*Work required:*
Print out the data that follows exactly, character for character, apart from the pictures.

═══ Information supplied ═══

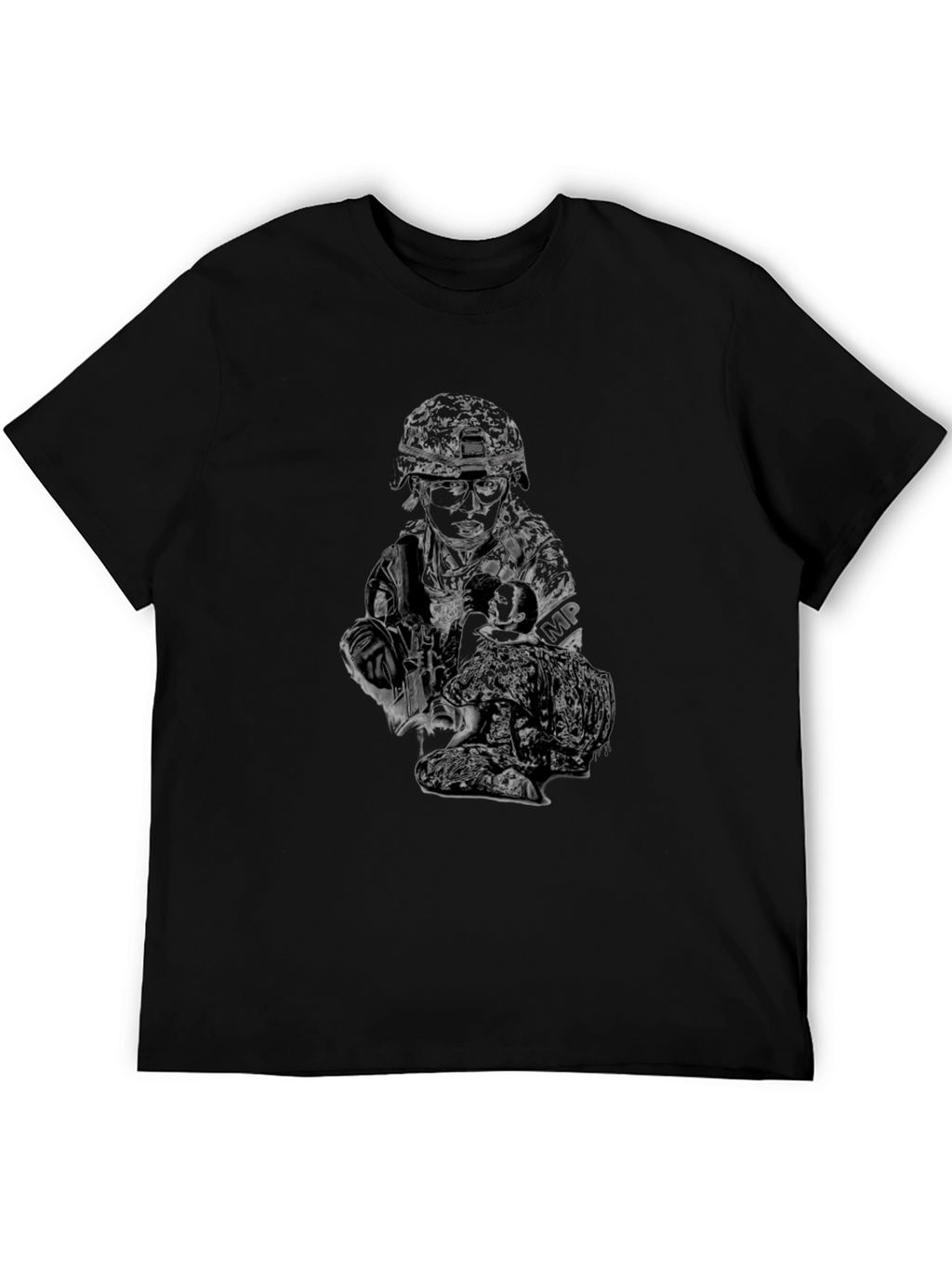 Black Military Graphic T-Shirt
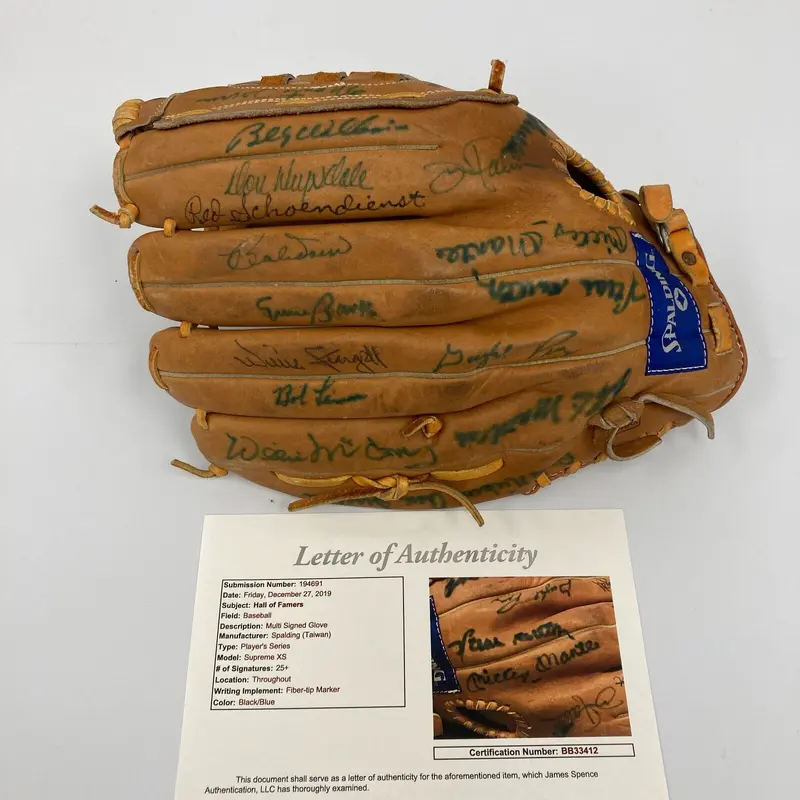 Mickey Mantle Hank Aaron Hall Of Fame Legends Multi Signed Baseball Glove JSA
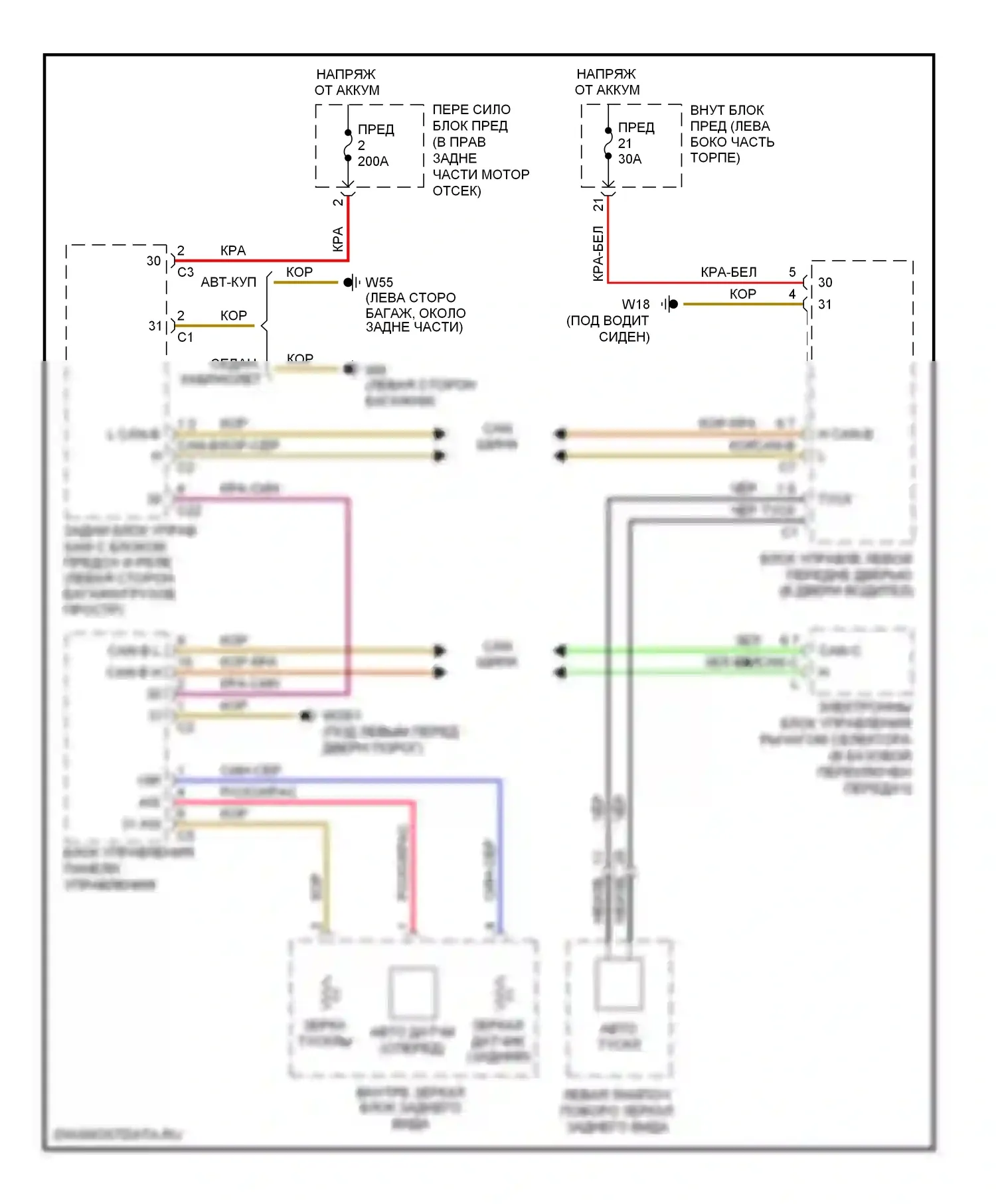C-класс Mercedes-Benz W203/S203/CL203 рестайлинг (2004-2008): Электросхема электрохромного зеркала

═══

*Result of this exercise:*
 Black Military Graphic T-Shirt
 Mickey Mantle Hank Aaron Hall Of Fame Legends Multi Signed Baseball Glove JSA
C-класс Mercedes-Benz W203/S203/CL203 рестайлинг (2004-2008): Электросхема электрохромного зеркала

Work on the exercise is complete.